My thought is essentially we're dealing with the algorithms. Ratios and analysis that usually work for equities might not be relevant here. Say, you day trade futures, set you daily target, and turn off your platform after 3 p.m. Would you calculate a standard deviation for that? Diversification also does not work quite well with these systems as your results for Aug show. Few things we know for sure are: 1) this service is in business for many years and they have real customers, so it is possible they add some value to trading; 2) some systems do work well as you showed us. The rest is at our own risk, as they say. I'm not very technical and may be too theoretical in this post and if so I apologize. Please keep posting your observations, the topic seems very popular..

The following user says Thank You to tradeday for this post:

I'm curious to learn more about portfolio analysis. I haven't used that to any extent. However, I will provide a few questions/suggestions:

1. It looks like the portfolio analysis is not working on these systems. Do you agree ?

2. You might try capturing the entries/exits of your systems and increasing the holding time by either adding time to the exit. This will force the system to be in the market more. You might run your correlation analysis on these modified systems. I'm thinking there might be more chance for overlap and thus yield higher correlation levels.
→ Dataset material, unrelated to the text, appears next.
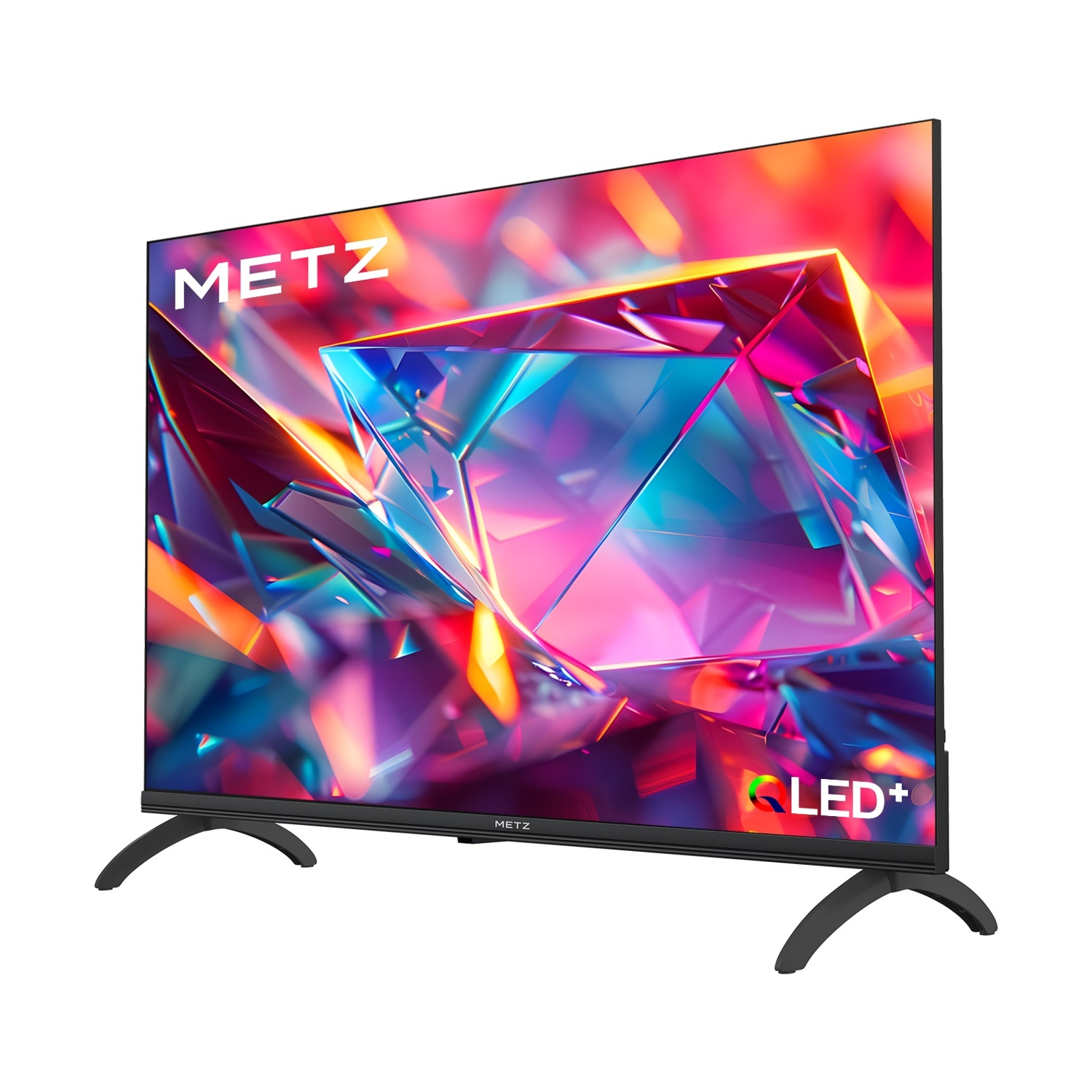 Una TV a schermo piatto Metz su piedini curvi mostra un vivace e colorato motivo astratto su sfondo bianco.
Try doubling the holding time.

3. You might force a higher level of anti-correlation in picking systems that only trade uncorrelated markets.

4. The problem with max dd is the DD almost always increases with a longer track record: solution decrease leverage and accept potential for lower return.

Obviously in hindsight, it looks like it might have been a better idea to run either the entire portfolio through an incubation period before going live, or as an alternative, run each system through its own incubation period before taking it live. Regardless of how good the historical analysis results tend to look, murphy's law always seems to rear its ugly head when real money is on the line.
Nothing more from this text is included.